The ideas they used to interpret their vision to themselves were to the things seen what the visible senses of a man are to his soul, the material covering of a divine essence.
The departing spirit was above them, shedding incense without odor, melody without sound. About them, where they stood, were neither surfaces, nor angles, nor atmosphere.
They dared neither question him nor contemplate him; they stood in the shadow of that Presence as beneath the burning rays of a tropical sun, fearing to raise their eyes lest the light should blast them.
They knew they were beside him, without being able to perceive how it was that they stood, as in a dream, on the confines of the Visible and the Invisible, nor how they had lost sight of the Visible and how they beheld the Invisible.
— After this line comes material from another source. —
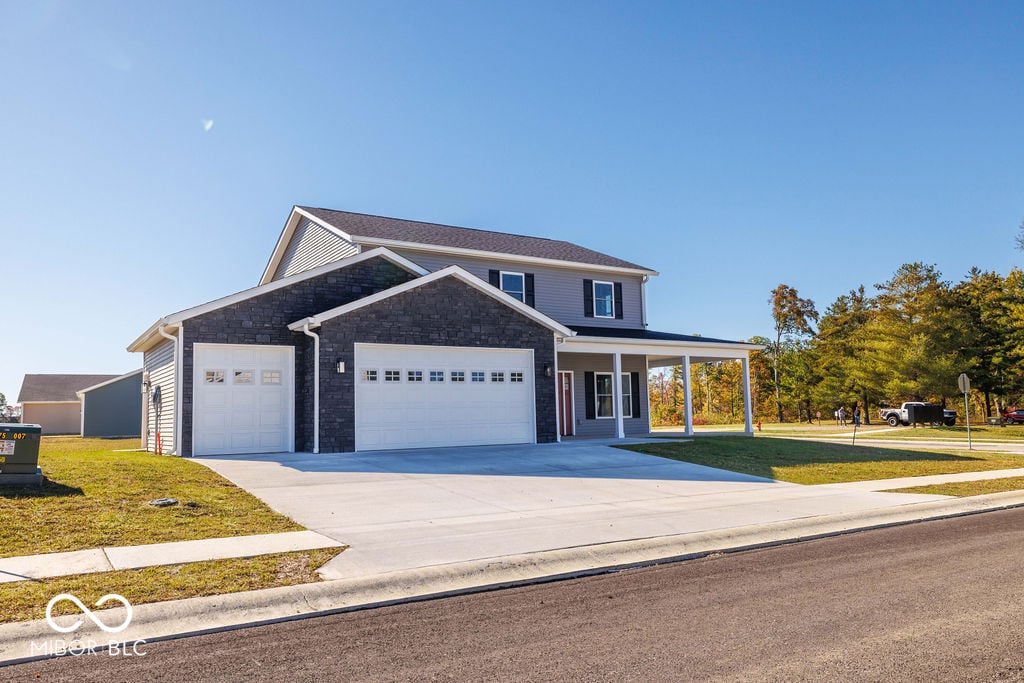 Front exterior at 102 Pin Oak Road, Spencer, IN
To each other they said: “If he touches us, we can die!” But the spirit was now within the Infinite, and they knew not that neither time, nor space, nor death, existed there, and that a great gulf lay between them, although they thought themselves beside him.
Their souls were not prepared to receive in its fulness a knowledge of the faculties of that Life; they could have only faint and confused perceptions of it, suited to their weakness.
Were it not so, the thunder of the Living Word, whose far-off tones now reached their ears, and whose meaning entered their souls as life unites with body,—one echo of that Word would have consumed their being as a whirlwind of fire laps up a fragile straw.
Therefore they saw only that which their nature, sustained by the strength of the spirit, permitted them to see; they heard that only which they were able to hear.
And yet, though thus protected, they shuddered when the Voice of the anguished soul broke forth above them—the prayer of the Spirit awaiting Life and imploring it with a cry.
That cry froze them to the very marrow of their bones.